Du Verrier is crossing her fingers for approval of a

second grant to do four more salad bars and more

classroom education.

 

" If we can get to them before they go to middle

school, " she says, " we can make a big difference. "

 

Similar changes are afoot in a handful of programs

throughout the nation's school cafeterias.

 

Last year the United States Department of Agriculture

created the Food System Project, with five pilot

programs nationwide, to support schools' direct

purchase of produce from local farmers. Several other

" farm-to-school " programs have gained a foothold in

California, most without benefit of USDA funding.

 

The Santa Monica Municipal Unified School District

buys the produce for all its schools from six local

farmers. Districts in Ventura County and Davis have

pilot projects in place for similar programs. Pajaro

Valley Unified in Santa Cruz County is in the process

of locating local apple farmers to supply fruit to its

schools.

 

In the 16-school Berkeley Unified School District,

food purchasers have taken it one step further, buying

organic produce whenever possible and purchasing

veggies primarily from local farmers. One Berkeley

school, Willard Elementary, even serves lettuce and

carrots from the school garden.

 

Proponents of farm-to-school programs cite several

advantages of buying produce from local farmers.
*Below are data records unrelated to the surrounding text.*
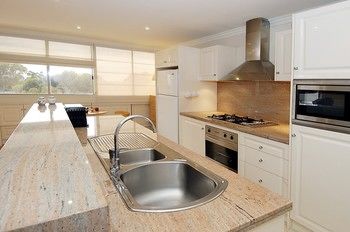 Neutral Bay 46 Young Furnished Apartment - Gold Coast 4U 4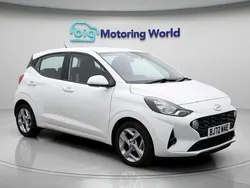 White Used 2022 Hyundai i10 SE Hatchback | £13,500 (Fair price)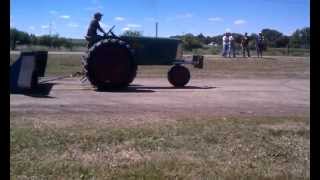 preview picture of video 'Oliver 77  Pulling Tractor at Zearing, Iowa 07/28/2013'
Typically, nutrition is first on the list. Prevention

of obesity is only one benefit to eating better foods;

recent studies show that children also learn more

readily when they're properly nourished.

 

But instead of providing more and more healthy meals,

schools locally and nationwide have gone from bad to

worse. Coke machines are common in school hallways.

Several schools districts, including Monterey

Peninsula Unified, have established franchises with

fast-food chains, guaranteeing that students will get

too much fat, too much sugar, and not enough that's

fresh and wholesome.

 

To combat this trend, during the last session of the

California legislature, the California Teachers

Association poured considerable time and resources

into advancing Senate Bill 19, originally conceived to

fight the encroachment of fast food and vending

machines in schools. Ultimately the bill was gutted

and, though it passed, it guarantees no funds for the

commendable programs it encourages.

 

Still, the teachers' support of the bill speaks of a

burgeoning awareness among educators of the importance

of good food.

 

The farm-to-schools advocates also point to freshness

as an advantage. Like anyone else, kids will sooner

eat a sweet, crisp apple than a mushy one, and that

makes all the difference in forming kids' ideas about

good food.

 

" Freshness is a quality that we've almost completely

lost the ability to recognize, " says Janet Brown of

the Center for Ecoliteracy in Berkeley, the think-tank

that worked with Berkeley's school district to revamp

its food policy.

 

Brown adds that buying fresh produce from local

farmers is ecologically healthier, too.

 

" As the distance opens up between field and table, "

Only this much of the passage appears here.